Day88: Ridge Regression

Posted by csiu on May 23, 2017 | with: 100daysofcode, Machine Learning, Kaggle

I ended up thinking about ridge regression today, and how foggy my recollection is. Therefore, in today’s post I’ll look into ridge regression.

Workflow

  1. Load data
  2. Train simple ridge model
  3. Evaluate model

The Jupyter Notebook for this little project is found here.

Data

The data used is the Digit Recognizer MNIST data set available on Kaggle. The data (from the train file) was split 80% for training and 20% for testing.

Feature: 784
Outputs: [0, 1, 2, 3, 4, 5, 6, 7, 8, 9]
Number of Train samples:     33600
Number of Validation samples: 8400

Ridge regression

In layman’s term, ridge regression is “L2 regularized linear regression” (Jacob Jensen, 2012). Meaning weights are penalized for growing too large.

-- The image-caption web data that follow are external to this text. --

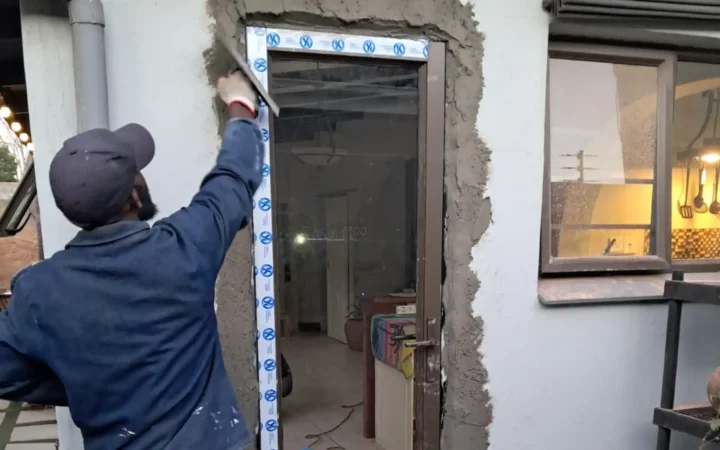 Installer plastering around an aluminium door frame after fitting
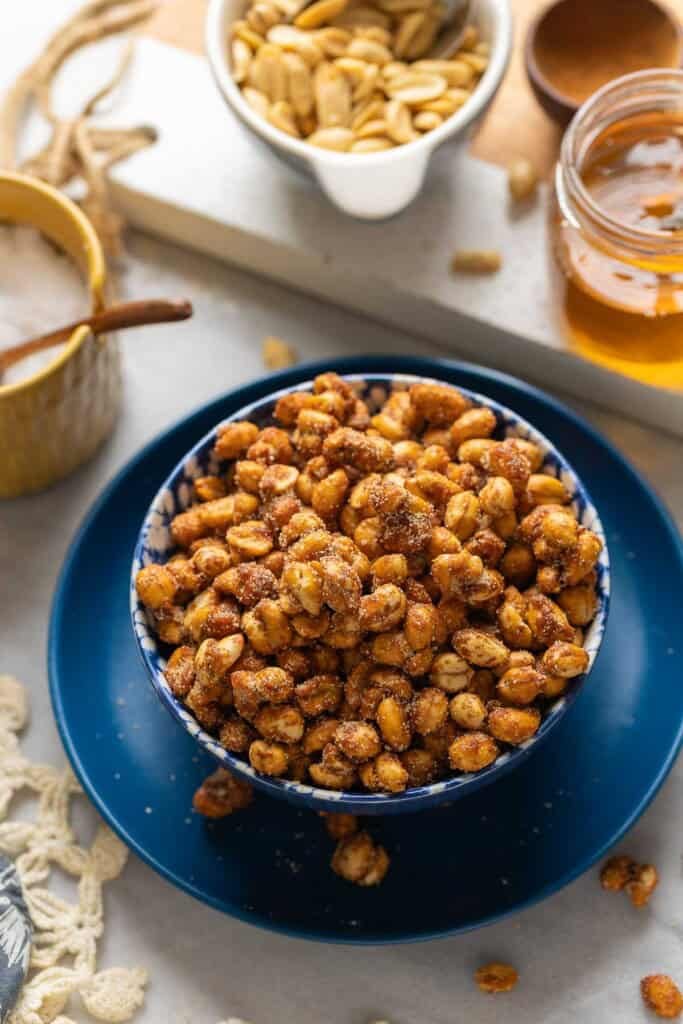 Honey Roasted Peanuts in a serving bowl with some of the whole ingredients in the back: salt, peanuts, cinnamon and honey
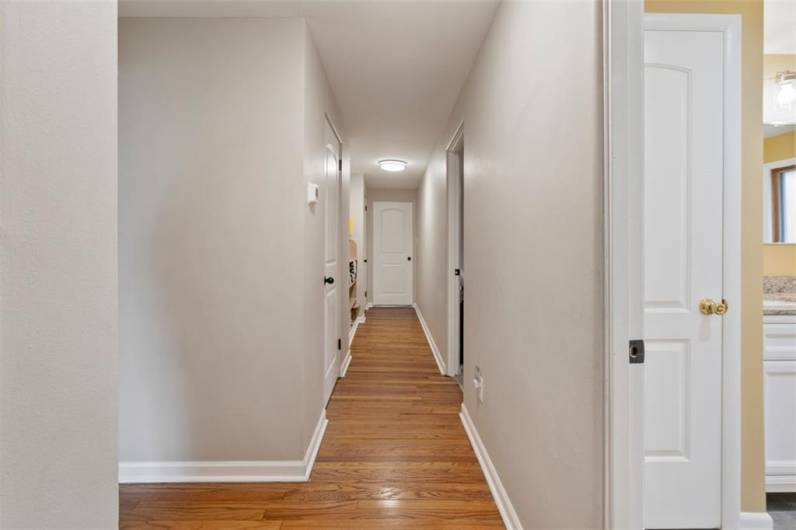 This long hallway on the first floor leads you to 3 spacious bedrooms and 2 full bathrooms. A must see if you are looking for a 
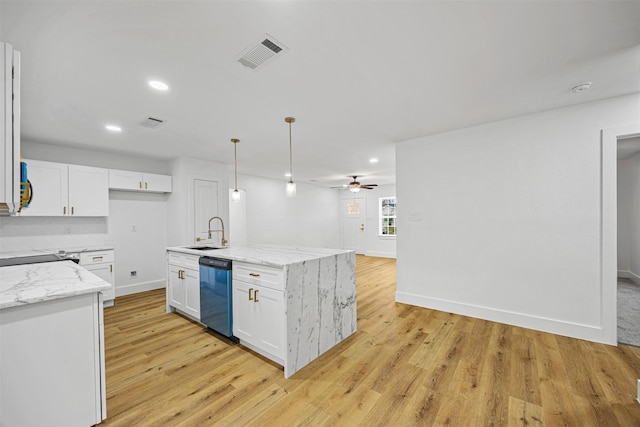 kitchen featuring white cabinetry, black dishwasher, pendant lighting, and a kitchen island with sink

From what I understood, ridge regression uses L2 which does not cause feature weights to be 0 (whereas using L1 does).

from sklearn.linear_model import RidgeClassifier

# Train and fit classifier
clf = RidgeClassifier(alpha=0.1)
clf.fit(X_train, y_train)

# Predict
clf.predict(X_test)

# Evaluate by finding the proportion of correct predictions
clf.score(X_test, y_test)

Training a simple ridge classifier on the MNIST data, we got a prediction accuracy 0.8550%.